It is unfortunate that so few scientific publications or even simple horticultural directions are available to help the beginner out with some of the problems that can beset one. How is a relative newcomer going to break the barriers and get a collection of good plants? Firstly, get a lot of money. That helps overcome most if not all problems. Secondly, get a good idea of what constitutes a good plant and what is to be avoided. This can take a while, and means you must visit as many top breeders and collectors as possible. You must spend a great deal of time at the shows and question people incessantly. Examine all the photographs you can and ask the owners what they think of this, that and every other thing. When you buy a plant make certain that it is an above average plant. Question the seller as to its parentage and if possible view the parents.
I would say that I usually get a good flower from a good-looking plant. I have never got a good flower from a miserable plant, so I no longer keep miserable plants. Make copious notes, and you will soon find a picture emerging. Yellows are no longer rarities, insist that you get a good flower on your yellow purchases. Watch the leaves; see that they are presentable. Keep a record of all your breeding attempts. I use spreadsheets to record this. I have stockists of all my plants. Each plant has a number, when I pollinate I record each cross. Each year I begin a new hybrid list.

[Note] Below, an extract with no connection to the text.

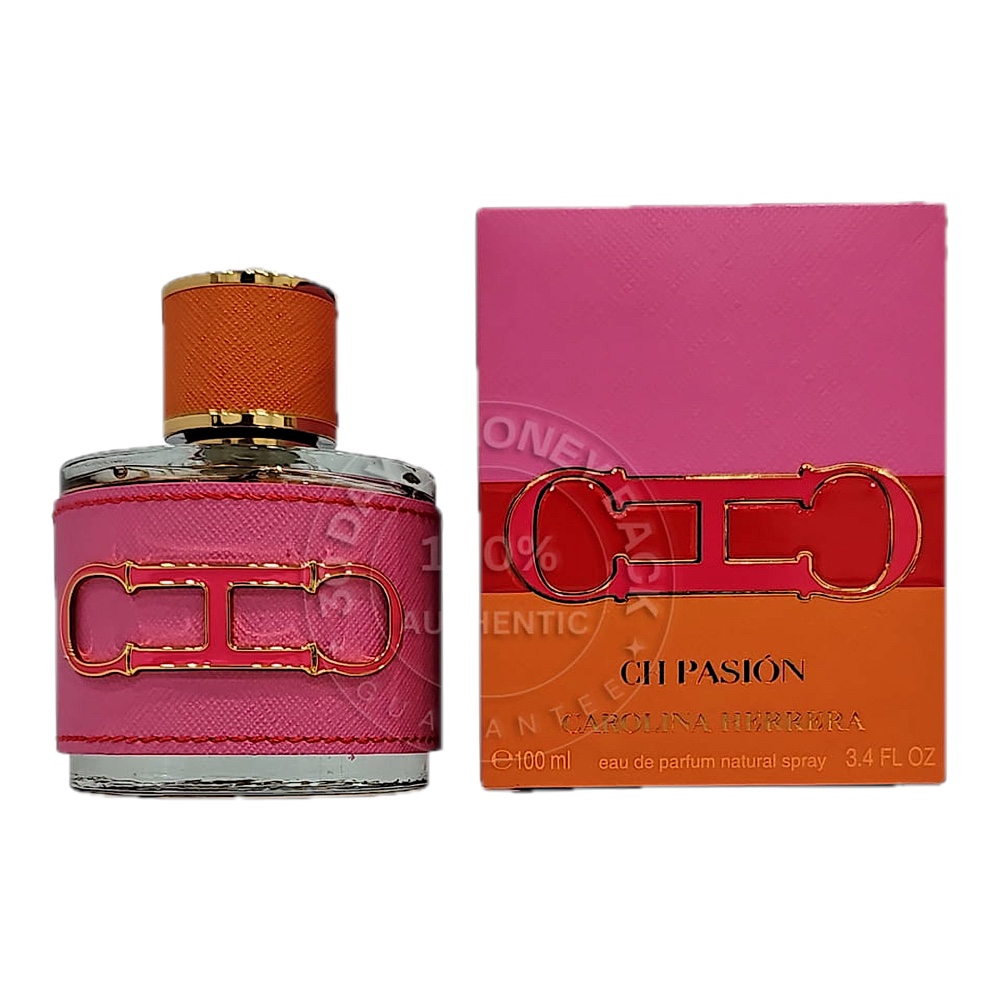 Carolina Herrera Ch Pasion EDP 3.4oz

Thus I am about to begin 2000. My first cross would be 0001; the 100th one would be 00100. I keep columns to record the amount of berries successfully pollinated, the total number of seeds, the amount of seeds sown, and the amount of seed germinated. This will soon indicate to you, not only the relative strength and weaknesses of the parents, but what you should and should not try to breed.
I have done this for the last five years, and the best plants have the best records. When the seedlings are about one year old, I decimate them. But I do it a little differently to what the Romans did. I only keep about one of every ten, and often scrap an entire tray if it looks miserable. I do not have the space to raise more than a thousand plants to flower, and that would give me about 200 per year to keep.
At this time assess your plants. You do not have to show this to anyone else, but write a good honest criticism of each batch. When your plants flower try to write down a good description of it. It will help to train you to rapidly see the good and bad points of a flower. There is no point in you lying to yourself so tell the truth, and get rid of all below par and second-rate material.
Watch what people are using to grow their plants in. I keep my mother plants in large tubs growing in coarse pine bark. They get a little compost washed in now and again, and also Kompel fertiliser. This is given both as a foliar spray and watered to the roots. My seedlings are grown in good quality coarse compost and only get a foliar spray. This is a cocktail, which contains fertilizer, fungicides, insecticides as well as 5ml of Sunlight liquid to 5l of spray. The Sunlight liquid is an excellent spreader-sticker, as well as having sterilizing properties. The average person will find pine bark an expensive commodity to use generally, besides, it dries out far too quickly in small pots, and I avoid using it in pots below 30cm. One can always open compost up with some fine bark or sharp sand.
I keep a diary and this helps me to formulate my weekly cocktail as to when various predators are active. I can also refer back, which helps me to rotate my chemicals to avoid possible build-up of resistance by the plant’s foes. Above all, enjoy your plants!